The Division I Council voted Wednesday to push the start date back from the originally scheduled Nov. 10 as one of several precautions against the spread of coronavirus.

The later start date coincides with the decision most schools made to send students home from Thanksgiving until January out of concern about a potential late-fall and early-winter flareup of COVID-19. Closed campuses could serve as a quasi bubble for players and provide a window for non-conference games.

The maximum number of regular-season games has been reduced from 31 to 27. The minimum number of games for consideration for the NCAA Tournament was cut from 25 to 13.

Teams can start preseason practices Oct. 14 but will be allowed to work out 12 hours per week beginning Monday.

No scrimmages against other teams or exhibitions are allowed.

In other action, the council voted to extend the recruiting dead period for all sports through Dec. 31. In-person recruiting is not allowed during a dead period, though phone calls and other correspondence are allowed.

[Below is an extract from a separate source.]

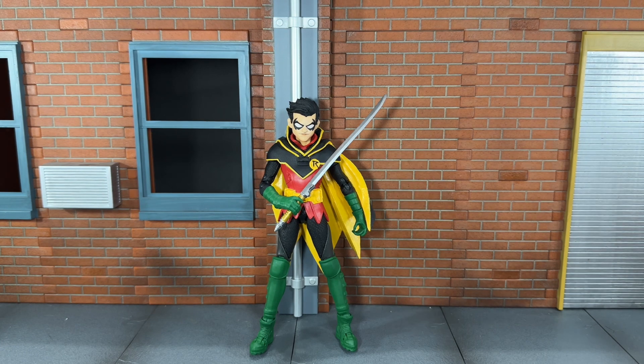Overall, I would highly recommend picking this up because McFarlane Toys did a phenomenal job on this. This is one of my favorite DC vs. Vampires figures so far. You can actually mod this out to be a regular Robin — if you didn't have a regular Robin, you can swap the Infinite Frontier head sculpt onto this one and have a perfect regular comic Robin. So definitely pick this figure up, and maybe even pick up a second one. Thanks for watching — if you liked this review, be sure to hit the like button and subscribe.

The men’s and women’s basketball oversight committees had jointly recommended a start date of Nov. 21, which would have allowed for games to be played on the weekend before Thanksgiving. The council opted not to do that to avoid a conflict with regular-season football games.

The council is scheduled to meet again Oct. 13-14 and could delay the start date and change other pieces of the basketball framework if circumstances surrounding the virus warrant.